● **INPUT MATERIAL**
+---+

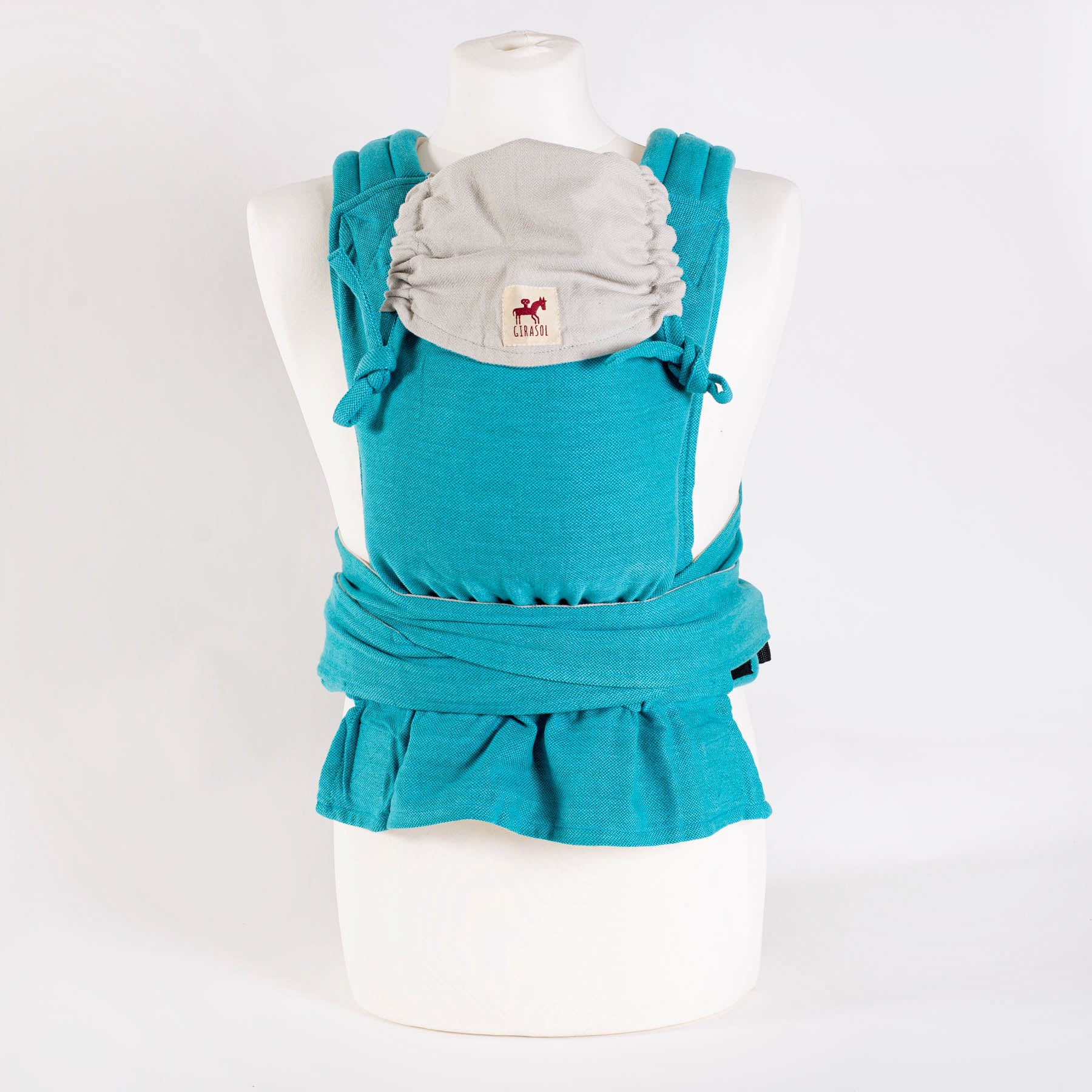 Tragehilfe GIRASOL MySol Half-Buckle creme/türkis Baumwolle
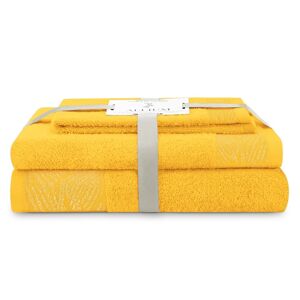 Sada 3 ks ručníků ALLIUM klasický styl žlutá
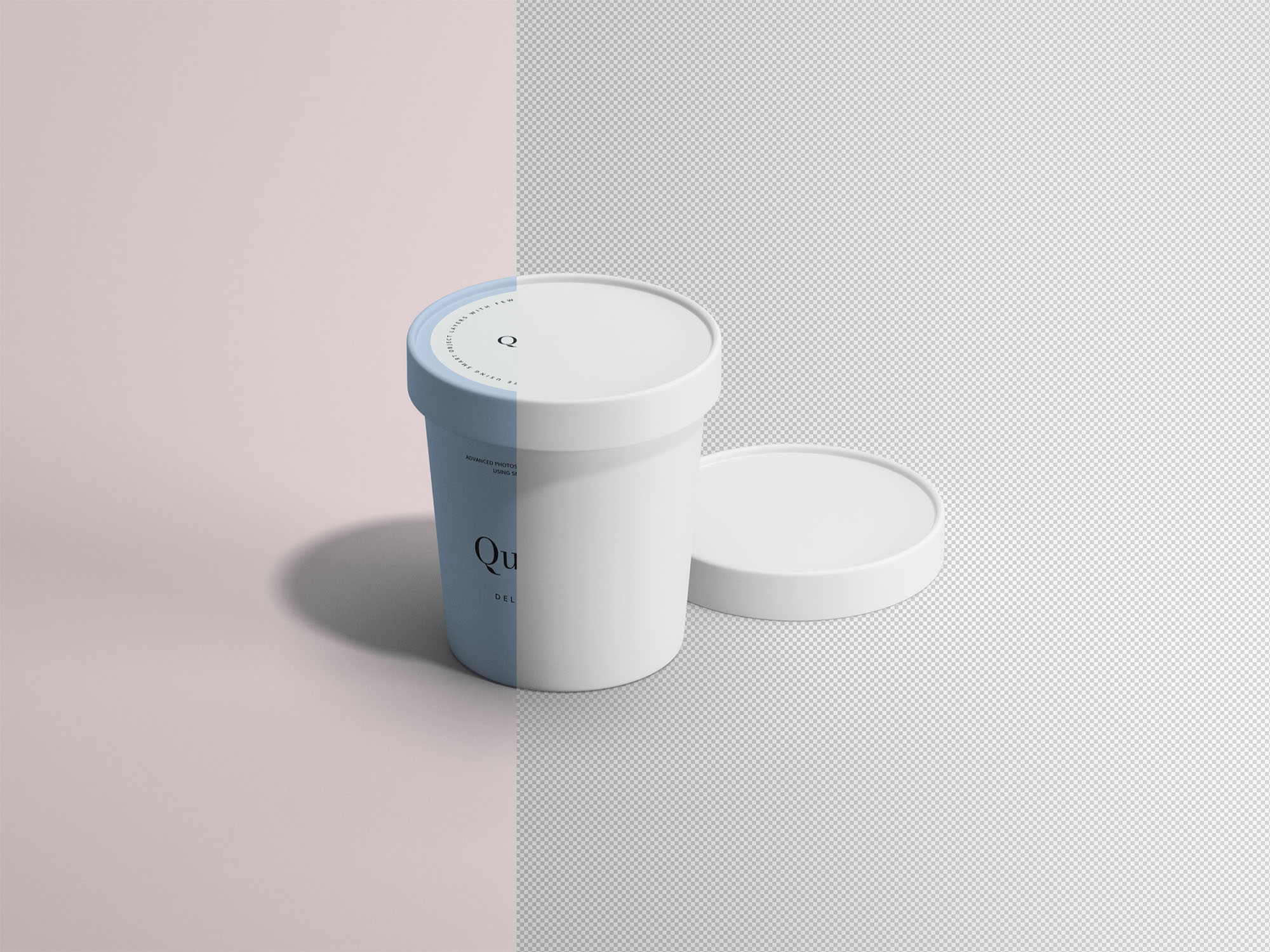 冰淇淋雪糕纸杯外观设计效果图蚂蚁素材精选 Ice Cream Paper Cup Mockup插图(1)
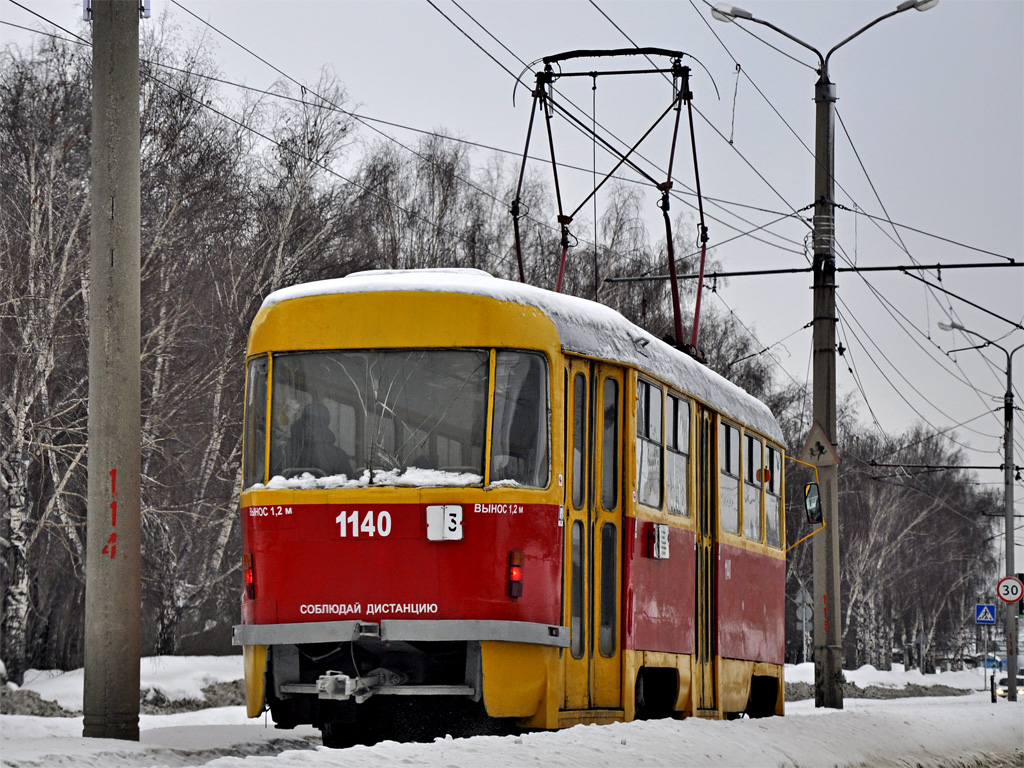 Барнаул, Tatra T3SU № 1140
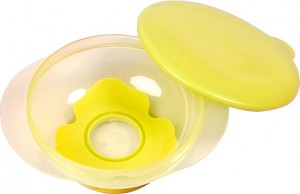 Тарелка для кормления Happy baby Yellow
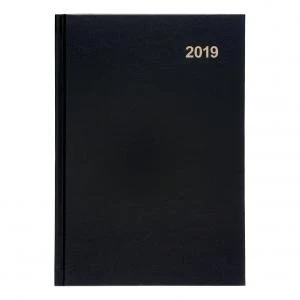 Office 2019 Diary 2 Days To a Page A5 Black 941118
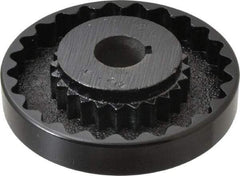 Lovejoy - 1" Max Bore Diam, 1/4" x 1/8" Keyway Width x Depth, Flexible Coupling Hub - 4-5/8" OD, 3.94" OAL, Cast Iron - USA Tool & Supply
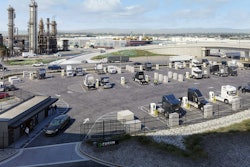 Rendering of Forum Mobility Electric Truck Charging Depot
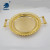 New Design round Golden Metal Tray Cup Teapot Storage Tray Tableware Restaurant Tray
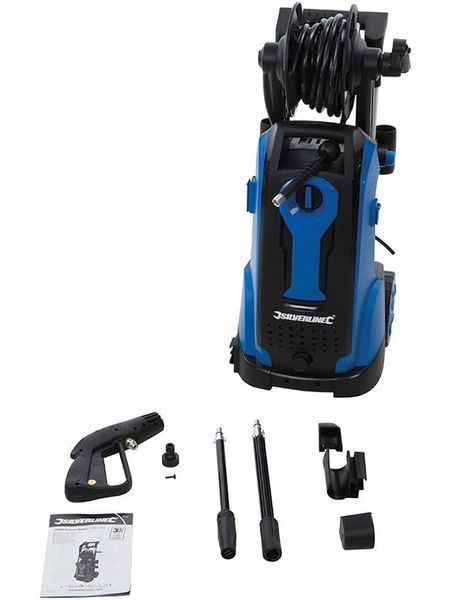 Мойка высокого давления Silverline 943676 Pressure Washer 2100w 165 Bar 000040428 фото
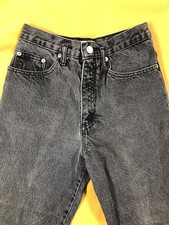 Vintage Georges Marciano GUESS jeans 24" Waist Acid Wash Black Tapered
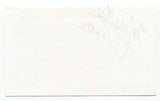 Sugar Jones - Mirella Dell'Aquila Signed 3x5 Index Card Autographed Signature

+---+

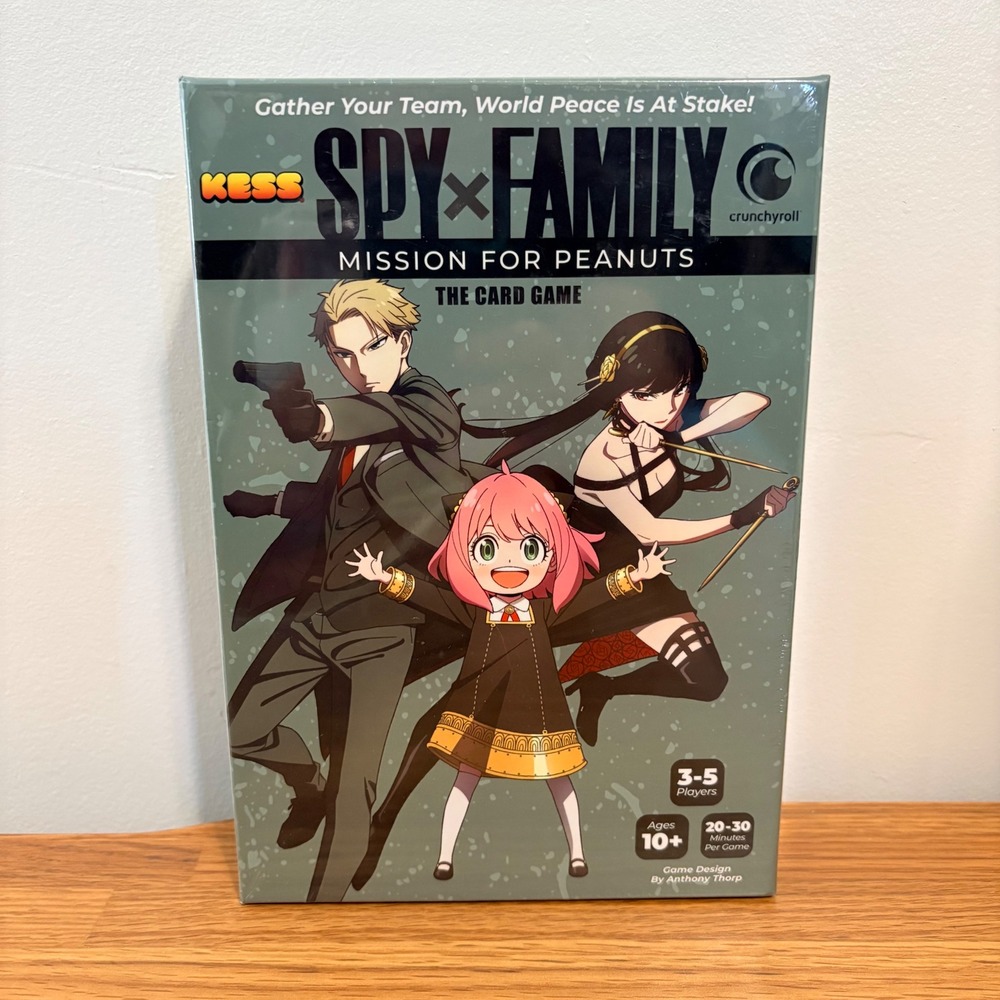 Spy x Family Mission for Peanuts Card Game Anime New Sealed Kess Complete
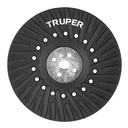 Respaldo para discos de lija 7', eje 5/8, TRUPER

+---+

● **BRIEF**
Set down word for word the lines above from the one with "Rendering of Forum" up to and including the one with "Мойка высокого давления". Omit every picture.

● **SOLVED EXERCISE**
 Rendering of Forum Mobility Electric Truck Charging Depot
 New Design round Golden Metal Tray Cup Teapot Storage Tray Tableware Restaurant Tray
 Мойка высокого давления Silverline 943676 Pressure Washer 2100w 165 Bar 000040428 фото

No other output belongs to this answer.